::: Source data

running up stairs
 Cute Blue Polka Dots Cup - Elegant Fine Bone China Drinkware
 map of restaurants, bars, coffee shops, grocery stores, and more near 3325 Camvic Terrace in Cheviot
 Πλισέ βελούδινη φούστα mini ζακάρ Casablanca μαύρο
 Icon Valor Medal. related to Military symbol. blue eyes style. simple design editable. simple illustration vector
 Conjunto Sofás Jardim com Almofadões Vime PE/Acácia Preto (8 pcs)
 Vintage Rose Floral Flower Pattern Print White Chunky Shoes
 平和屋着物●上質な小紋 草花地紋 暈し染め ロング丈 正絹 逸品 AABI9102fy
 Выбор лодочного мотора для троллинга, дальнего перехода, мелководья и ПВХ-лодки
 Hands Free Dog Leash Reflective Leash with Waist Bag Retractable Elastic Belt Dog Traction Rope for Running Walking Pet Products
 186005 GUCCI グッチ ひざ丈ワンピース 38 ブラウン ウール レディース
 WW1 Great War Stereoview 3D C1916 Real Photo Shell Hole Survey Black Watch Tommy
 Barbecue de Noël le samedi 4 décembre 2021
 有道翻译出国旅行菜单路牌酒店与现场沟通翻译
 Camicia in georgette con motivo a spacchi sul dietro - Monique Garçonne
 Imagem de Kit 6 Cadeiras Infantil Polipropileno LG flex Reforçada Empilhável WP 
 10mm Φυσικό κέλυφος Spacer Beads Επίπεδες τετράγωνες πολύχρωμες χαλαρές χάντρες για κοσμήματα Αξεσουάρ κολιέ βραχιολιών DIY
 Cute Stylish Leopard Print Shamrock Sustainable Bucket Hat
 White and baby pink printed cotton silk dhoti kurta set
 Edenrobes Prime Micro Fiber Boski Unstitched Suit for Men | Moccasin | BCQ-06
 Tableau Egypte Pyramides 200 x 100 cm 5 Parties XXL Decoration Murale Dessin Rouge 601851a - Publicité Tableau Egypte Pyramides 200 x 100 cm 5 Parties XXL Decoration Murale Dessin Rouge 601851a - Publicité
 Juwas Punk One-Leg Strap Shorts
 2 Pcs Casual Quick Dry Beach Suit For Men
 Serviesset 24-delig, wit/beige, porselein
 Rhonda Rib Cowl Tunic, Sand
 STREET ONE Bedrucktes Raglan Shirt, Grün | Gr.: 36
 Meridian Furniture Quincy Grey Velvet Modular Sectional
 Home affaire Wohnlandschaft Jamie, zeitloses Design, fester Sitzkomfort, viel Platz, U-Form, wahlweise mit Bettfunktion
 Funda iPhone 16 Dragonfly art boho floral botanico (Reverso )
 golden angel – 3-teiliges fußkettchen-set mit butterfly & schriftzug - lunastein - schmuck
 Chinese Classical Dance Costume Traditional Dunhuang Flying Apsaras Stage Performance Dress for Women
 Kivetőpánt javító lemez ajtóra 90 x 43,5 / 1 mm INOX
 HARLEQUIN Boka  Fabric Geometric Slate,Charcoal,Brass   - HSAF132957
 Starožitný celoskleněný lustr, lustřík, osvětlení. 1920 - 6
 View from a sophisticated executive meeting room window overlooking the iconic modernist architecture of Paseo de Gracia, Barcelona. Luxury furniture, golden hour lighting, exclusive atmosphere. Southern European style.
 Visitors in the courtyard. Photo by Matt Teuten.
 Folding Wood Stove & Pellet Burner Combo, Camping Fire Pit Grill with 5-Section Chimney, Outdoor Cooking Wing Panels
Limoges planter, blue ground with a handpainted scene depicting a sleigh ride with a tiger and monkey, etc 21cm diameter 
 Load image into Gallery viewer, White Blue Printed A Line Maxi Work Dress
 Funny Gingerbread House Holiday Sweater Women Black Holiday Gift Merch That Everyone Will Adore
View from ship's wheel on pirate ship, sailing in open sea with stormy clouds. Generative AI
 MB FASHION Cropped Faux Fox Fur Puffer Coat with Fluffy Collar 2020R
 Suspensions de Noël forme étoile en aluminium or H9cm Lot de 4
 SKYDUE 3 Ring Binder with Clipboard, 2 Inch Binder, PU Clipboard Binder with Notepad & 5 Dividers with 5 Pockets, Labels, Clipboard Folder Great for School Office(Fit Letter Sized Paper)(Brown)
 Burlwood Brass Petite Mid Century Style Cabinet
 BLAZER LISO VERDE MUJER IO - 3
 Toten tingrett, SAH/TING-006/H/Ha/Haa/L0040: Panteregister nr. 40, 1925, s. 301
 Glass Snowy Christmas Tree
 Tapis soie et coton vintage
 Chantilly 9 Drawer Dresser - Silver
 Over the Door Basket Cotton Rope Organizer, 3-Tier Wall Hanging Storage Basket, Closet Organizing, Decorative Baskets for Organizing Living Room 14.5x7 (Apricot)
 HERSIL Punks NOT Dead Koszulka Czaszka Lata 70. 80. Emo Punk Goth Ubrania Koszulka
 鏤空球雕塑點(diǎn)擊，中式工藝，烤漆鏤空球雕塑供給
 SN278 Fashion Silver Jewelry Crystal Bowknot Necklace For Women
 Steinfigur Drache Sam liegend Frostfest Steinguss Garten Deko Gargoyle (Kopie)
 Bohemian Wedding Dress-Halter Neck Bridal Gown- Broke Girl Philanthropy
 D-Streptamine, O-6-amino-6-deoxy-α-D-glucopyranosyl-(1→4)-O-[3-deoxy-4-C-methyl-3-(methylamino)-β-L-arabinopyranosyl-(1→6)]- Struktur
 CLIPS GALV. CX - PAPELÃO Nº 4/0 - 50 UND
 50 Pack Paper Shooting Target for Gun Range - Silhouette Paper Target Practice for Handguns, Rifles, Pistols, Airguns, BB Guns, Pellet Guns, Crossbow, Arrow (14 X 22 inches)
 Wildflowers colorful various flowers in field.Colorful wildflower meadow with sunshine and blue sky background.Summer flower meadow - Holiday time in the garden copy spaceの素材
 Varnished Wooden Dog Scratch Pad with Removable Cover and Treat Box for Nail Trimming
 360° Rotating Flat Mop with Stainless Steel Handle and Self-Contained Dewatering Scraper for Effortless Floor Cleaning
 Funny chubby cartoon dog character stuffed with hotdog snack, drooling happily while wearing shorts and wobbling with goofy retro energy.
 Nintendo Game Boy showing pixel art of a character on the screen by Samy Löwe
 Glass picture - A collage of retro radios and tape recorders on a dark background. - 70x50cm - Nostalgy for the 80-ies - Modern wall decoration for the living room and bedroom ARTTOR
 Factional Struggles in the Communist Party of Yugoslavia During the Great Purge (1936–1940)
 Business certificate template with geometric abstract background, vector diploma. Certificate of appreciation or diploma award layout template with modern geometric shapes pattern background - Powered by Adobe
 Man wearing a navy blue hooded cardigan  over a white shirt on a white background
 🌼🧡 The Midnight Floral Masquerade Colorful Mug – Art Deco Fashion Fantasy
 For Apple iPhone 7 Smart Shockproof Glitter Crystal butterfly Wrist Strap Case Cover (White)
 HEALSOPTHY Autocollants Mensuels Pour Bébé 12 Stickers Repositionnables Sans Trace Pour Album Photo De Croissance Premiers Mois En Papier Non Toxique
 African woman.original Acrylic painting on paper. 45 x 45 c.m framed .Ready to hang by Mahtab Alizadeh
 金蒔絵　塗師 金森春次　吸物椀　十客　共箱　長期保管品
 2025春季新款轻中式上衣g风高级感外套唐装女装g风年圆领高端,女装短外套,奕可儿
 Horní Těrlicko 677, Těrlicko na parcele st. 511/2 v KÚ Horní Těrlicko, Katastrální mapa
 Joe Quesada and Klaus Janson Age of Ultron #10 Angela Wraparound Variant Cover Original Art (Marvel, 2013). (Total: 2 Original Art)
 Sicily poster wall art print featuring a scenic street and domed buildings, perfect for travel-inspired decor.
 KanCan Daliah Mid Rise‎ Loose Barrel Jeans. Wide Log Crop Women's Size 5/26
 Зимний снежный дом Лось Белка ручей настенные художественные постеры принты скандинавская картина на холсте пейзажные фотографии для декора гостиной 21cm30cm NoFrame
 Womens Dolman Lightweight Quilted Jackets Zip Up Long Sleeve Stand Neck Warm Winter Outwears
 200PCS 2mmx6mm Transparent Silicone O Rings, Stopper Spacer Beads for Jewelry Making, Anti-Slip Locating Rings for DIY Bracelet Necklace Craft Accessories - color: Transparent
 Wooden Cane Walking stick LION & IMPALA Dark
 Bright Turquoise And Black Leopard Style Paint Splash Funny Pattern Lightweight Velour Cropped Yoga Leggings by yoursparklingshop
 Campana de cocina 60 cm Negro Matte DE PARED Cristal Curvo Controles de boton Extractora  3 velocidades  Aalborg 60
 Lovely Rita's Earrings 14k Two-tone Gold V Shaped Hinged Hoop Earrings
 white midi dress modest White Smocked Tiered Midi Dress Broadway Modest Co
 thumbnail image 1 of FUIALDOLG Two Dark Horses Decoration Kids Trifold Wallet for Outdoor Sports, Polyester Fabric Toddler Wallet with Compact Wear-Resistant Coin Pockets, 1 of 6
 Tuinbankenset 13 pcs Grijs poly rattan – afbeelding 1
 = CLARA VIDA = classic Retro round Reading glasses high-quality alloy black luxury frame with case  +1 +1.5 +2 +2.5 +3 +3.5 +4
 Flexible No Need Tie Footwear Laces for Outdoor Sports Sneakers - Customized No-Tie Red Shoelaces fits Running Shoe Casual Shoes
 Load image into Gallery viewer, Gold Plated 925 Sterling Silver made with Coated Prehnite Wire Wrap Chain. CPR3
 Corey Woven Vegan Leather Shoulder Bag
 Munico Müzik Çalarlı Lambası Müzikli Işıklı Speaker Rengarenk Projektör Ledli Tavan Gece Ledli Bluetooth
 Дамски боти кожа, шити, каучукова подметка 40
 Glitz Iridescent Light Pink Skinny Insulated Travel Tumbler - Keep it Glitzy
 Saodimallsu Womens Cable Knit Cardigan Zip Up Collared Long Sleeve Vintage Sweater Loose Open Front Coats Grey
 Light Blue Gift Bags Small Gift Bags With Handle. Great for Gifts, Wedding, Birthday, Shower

::::::

**Aim of the exercise**
Your answer should be the lines of the listing above between the line holding "Πλισέ βελούδινη φούστα" and the line holding "Imagem de Kit", inclusive, restated word for word and alone.

**Written answer**
 Πλισέ βελούδινη φούστα mini ζακάρ Casablanca μαύρο
 Icon Valor Medal. related to Military symbol. blue eyes style. simple design editable. simple illustration vector
 Conjunto Sofás Jardim com Almofadões Vime PE/Acácia Preto (8 pcs)
 Vintage Rose Floral Flower Pattern Print White Chunky Shoes
 平和屋着物●上質な小紋 草花地紋 暈し染め ロング丈 正絹 逸品 AABI9102fy
 Выбор лодочного мотора для троллинга, дальнего перехода, мелководья и ПВХ-лодки
 Hands Free Dog Leash Reflective Leash with Waist Bag Retractable Elastic Belt Dog Traction Rope for Running Walking Pet Products
 186005 GUCCI グッチ ひざ丈ワンピース 38 ブラウン ウール レディース
 WW1 Great War Stereoview 3D C1916 Real Photo Shell Hole Survey Black Watch Tommy
 Barbecue de Noël le samedi 4 décembre 2021
 有道翻译出国旅行菜单路牌酒店与现场沟通翻译
 Camicia in georgette con motivo a spacchi sul dietro - Monique Garçonne
 Imagem de Kit 6 Cadeiras Infantil Polipropileno LG flex Reforçada Empilhável WP 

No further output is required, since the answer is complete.